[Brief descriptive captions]
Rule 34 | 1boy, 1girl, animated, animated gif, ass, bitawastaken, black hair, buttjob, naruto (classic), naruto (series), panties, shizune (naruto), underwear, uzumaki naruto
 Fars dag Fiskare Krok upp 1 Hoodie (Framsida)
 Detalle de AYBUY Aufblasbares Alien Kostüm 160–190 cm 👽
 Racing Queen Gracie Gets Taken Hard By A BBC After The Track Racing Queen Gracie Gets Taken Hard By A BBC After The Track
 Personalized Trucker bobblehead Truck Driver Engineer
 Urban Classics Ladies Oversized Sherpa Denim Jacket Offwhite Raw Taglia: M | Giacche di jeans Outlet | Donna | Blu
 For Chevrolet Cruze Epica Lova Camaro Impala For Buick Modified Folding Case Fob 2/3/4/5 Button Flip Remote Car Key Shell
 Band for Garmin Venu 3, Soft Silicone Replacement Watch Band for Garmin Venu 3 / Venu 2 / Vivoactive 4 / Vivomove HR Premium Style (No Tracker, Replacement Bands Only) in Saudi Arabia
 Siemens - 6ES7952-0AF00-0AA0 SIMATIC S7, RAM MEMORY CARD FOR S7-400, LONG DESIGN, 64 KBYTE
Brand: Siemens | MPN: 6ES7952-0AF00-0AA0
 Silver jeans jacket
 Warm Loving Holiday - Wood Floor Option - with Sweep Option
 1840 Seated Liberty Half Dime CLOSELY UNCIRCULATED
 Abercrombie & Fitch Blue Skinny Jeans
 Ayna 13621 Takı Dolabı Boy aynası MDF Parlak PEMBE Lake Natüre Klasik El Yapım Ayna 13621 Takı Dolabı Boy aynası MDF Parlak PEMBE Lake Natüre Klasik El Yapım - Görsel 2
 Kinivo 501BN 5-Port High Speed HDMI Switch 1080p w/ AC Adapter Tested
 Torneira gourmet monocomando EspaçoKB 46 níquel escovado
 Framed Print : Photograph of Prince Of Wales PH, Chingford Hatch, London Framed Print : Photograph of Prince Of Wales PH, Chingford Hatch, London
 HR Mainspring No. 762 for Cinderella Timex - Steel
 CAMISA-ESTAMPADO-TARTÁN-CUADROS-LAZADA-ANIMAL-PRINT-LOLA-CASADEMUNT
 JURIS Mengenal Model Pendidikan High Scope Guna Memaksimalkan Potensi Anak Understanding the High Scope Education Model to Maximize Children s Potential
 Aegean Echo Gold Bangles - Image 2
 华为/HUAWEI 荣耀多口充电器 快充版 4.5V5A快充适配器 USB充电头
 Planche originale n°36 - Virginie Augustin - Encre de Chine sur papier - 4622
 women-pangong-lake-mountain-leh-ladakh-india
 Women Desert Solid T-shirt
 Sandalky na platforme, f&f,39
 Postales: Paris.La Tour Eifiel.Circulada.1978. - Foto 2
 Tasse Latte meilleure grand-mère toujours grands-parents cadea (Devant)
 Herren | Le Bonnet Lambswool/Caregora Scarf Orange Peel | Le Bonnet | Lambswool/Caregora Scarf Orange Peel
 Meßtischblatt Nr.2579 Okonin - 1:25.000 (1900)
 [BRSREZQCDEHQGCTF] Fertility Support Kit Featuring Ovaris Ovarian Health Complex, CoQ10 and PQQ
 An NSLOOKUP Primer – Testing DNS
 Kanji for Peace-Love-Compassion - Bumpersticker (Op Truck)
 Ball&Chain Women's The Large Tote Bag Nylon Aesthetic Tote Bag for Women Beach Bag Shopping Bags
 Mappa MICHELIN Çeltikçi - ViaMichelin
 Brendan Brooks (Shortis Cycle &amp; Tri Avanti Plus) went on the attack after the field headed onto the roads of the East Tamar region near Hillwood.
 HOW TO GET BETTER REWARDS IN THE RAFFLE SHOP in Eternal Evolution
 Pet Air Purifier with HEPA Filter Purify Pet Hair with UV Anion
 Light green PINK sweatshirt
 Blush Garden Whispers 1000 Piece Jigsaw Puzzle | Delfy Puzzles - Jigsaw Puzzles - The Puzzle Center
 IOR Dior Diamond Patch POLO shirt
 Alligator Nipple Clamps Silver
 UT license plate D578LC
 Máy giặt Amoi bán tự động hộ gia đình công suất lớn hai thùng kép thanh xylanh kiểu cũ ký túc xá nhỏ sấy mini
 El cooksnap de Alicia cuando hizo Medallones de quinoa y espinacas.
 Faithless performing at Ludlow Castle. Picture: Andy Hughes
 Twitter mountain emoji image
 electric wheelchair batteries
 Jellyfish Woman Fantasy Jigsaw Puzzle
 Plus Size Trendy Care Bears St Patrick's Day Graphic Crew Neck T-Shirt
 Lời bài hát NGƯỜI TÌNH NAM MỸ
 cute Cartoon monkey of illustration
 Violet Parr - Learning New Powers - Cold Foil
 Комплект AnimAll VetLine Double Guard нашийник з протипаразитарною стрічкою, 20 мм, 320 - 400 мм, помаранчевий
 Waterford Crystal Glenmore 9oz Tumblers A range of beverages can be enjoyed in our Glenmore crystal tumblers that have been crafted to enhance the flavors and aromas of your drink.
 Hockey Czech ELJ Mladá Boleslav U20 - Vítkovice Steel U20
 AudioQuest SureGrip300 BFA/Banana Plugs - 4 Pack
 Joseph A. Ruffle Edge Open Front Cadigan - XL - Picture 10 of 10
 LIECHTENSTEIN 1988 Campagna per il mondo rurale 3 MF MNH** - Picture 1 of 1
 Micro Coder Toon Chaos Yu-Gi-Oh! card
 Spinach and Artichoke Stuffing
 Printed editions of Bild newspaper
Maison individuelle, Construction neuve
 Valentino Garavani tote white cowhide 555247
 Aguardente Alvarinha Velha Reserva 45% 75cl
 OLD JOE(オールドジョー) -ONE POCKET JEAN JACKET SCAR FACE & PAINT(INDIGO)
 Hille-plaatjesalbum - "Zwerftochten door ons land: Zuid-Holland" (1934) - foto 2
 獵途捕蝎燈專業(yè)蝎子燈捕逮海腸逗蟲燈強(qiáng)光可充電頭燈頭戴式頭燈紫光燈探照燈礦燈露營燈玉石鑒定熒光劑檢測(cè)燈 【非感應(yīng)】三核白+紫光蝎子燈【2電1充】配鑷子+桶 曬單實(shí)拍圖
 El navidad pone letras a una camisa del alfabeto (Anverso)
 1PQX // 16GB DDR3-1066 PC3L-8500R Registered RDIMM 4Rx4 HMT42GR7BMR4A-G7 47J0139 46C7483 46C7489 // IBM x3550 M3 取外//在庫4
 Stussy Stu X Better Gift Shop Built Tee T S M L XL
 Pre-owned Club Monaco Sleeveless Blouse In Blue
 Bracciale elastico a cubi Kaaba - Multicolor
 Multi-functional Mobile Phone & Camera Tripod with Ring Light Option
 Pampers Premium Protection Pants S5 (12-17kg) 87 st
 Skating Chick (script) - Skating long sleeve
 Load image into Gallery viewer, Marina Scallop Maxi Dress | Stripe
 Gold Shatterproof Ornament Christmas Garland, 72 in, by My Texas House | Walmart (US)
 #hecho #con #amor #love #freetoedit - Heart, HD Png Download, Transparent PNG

**AIM OF THE TASK**. Take the lines from the start of the records through the line holding "Detalle de AYBUY", both included, and please print them exactly, with nothing else.

**OUTPUT BELOW**.
Rule 34 | 1boy, 1girl, animated, animated gif, ass, bitawastaken, black hair, buttjob, naruto (classic), naruto (series), panties, shizune (naruto), underwear, uzumaki naruto
 Fars dag Fiskare Krok upp 1 Hoodie (Framsida)
 Detalle de AYBUY Aufblasbares Alien Kostüm 160–190 cm 👽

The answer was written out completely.